Blogs/Vlogs

The future of motoring taxes

28 October 2019

The Institute for Fiscal Studies has predicted that the trend towards greener vehicles, particularly electric ones, will leave the Treasury with a hole of £33 billion. It argues that now is the best time to commence a reorganisation of taxation on road users.

The cash cow gets thinner

As most of us are aware, the taxation of the motorist takes many and varied forms: vehicle excise duty, VAT on vehicles, income tax and national insurance on company car benefits, fuel duty and, weirdly, VAT on fuel duty. At £40 billion per annum, this represents 5% of The UK’s total tax revenues. 70% of this is fuel duty and the amount is falling. Since 2010, the Government has frozen the rates of fuel duty so they have fallen in real terms. Over the same period, vehicles have become more efficient, using less fuel.

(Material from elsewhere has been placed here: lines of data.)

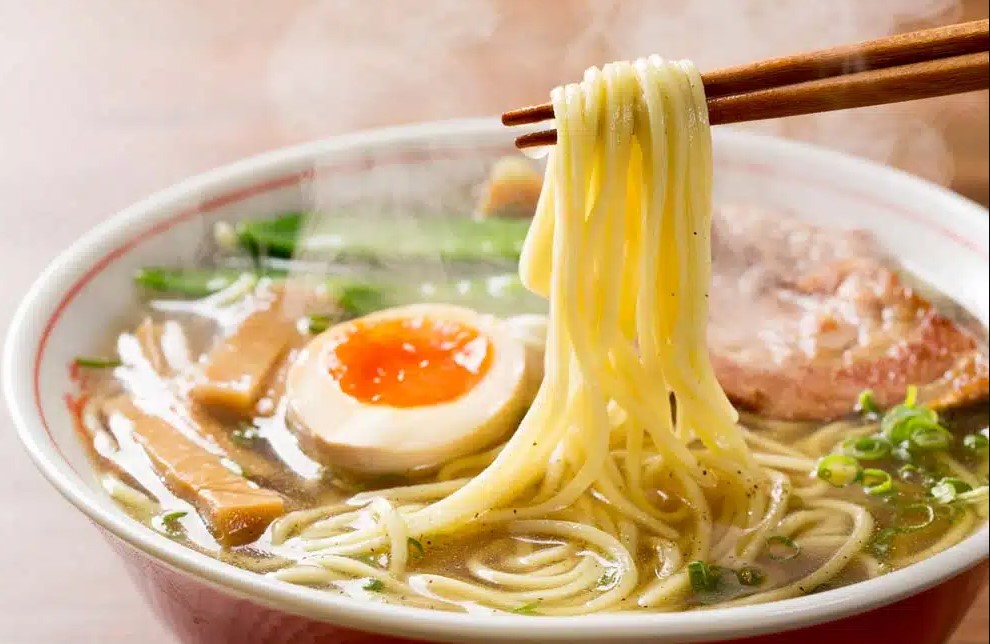 Un estudio revela que el consumo excesivo de ramen podría acortar tu vida
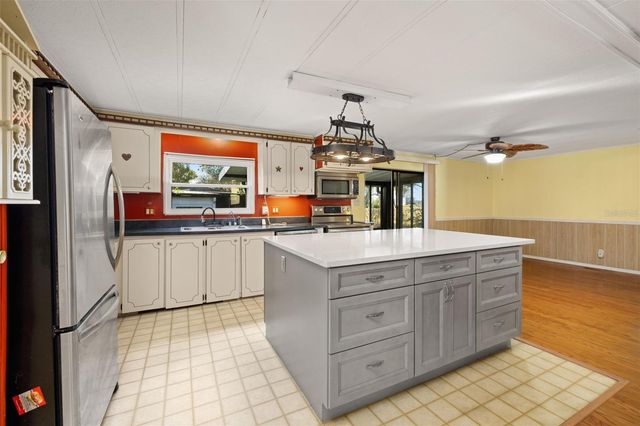 2118 CANOPY CIRCLE, Zellwood, FL 32798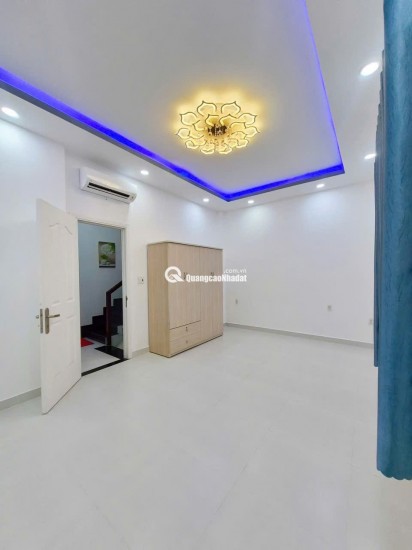 BÁN NHÀ KĐT 5 SAO CÁCH CHỢ BÌNH CHÁNH CHỈ 2KM (5,5 X 15) CHỈ 4.5 TỶ. LH:0908815596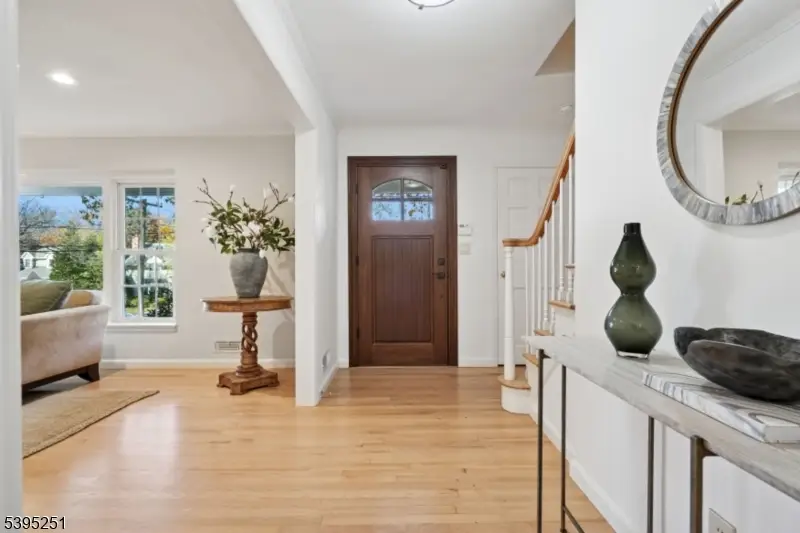 34 Sweetbriar Rd, Summit, NJ 07901 - Image #2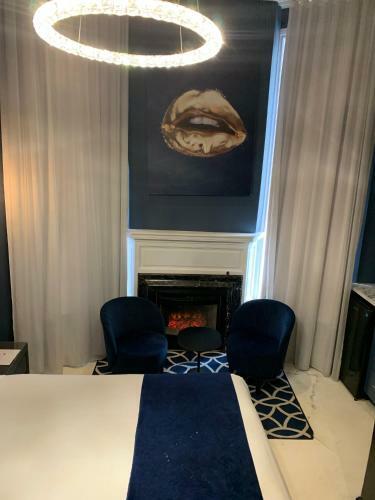 Hostal Room In Bb - Queen Studio Room Downtown Musees Montreal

So fuel duty as a proportion of GDP has fallen from 2.2% to 1.3%. This trend is expected not only to continue, but also to accelerate with the take-up of electric vehicles (EVs), so that fuel duty will eventually all but disappear.

What motoring costs society

It might seem fair to give the motorist a break and try to raise the shortfall in revenue elsewhere, but this would overlook other significant considerations. First, tax on motoring is relatively easy to collect; second, and more important, is the need to compensate society for the costs and damage caused by road transport. This includes wear and tear on roads and other infrastructure, greenhouse gas emissions, pollution, the cost of accidents, policing, noise, and, above all, congestion. Congestion accounts for 80% of motoring’s total costs to society. Last year, each driver lost 178 hours of productive time stuck in traffic. This is estimated to cost the economy nearly £8 billion annually.

A blunt instrument

The Institute for Fiscal Studies (IFS) calculates that the average social cost per kilometre driven is 17p. Fuel duty amounts to 7p per kilometre, so on average it falls a long way short of covering the cost. But this is not the full story. Not all kilometres are equal. Kilometres driven in cities are more damaging than those elsewhere. Kilometres driven in congested streets, as well as being more polluting, are a waste of valuable time. In fact, 60% of the social cost of motoring is caused by 10% of kilometres driven. So fuel duty is too blunt an instrument to fairly recoup compensation for the damage done.

Graphic: the Institute for Fiscal Studies

The alternative

With fuel duty likely to disappear almost completely over the next three decades, the IFS suggest that now is a good time to gradually introduce the motorist to fairer ways of taxing car usage. Its starting point is the London congestion charge, whereby motorists are charged for entering a specified zone. But as the IFS points out, this is not ideal. Once a driver has paid to enter the zone, they can drive around within it all day without further payment. What is needed is a road-pricing system where the amount paid relates to the true social cost per kilometre, depending on time and place. Such a system already exists in Singapore. Presumably, this would work either by automatic number plate recognition or more likely by a transponder fitted to every vehicle, with roadside installations recording the vehicle’s passage. A point not covered by the IFS is the political angle. Installing such a system in the compliant and law-abiding society of Singapore is one thing; overcoming the reservations of the British public and the likely accusations of Big Brother style surveillance is quite another. And those early adopters of electric vehicles who are currently enjoying low fuel costs are going to be the most opposed to road pricing.

But that is why the IFS is recommending that such a system be introduced soon, especially before expectations of low cost driving in EVs become ingrained.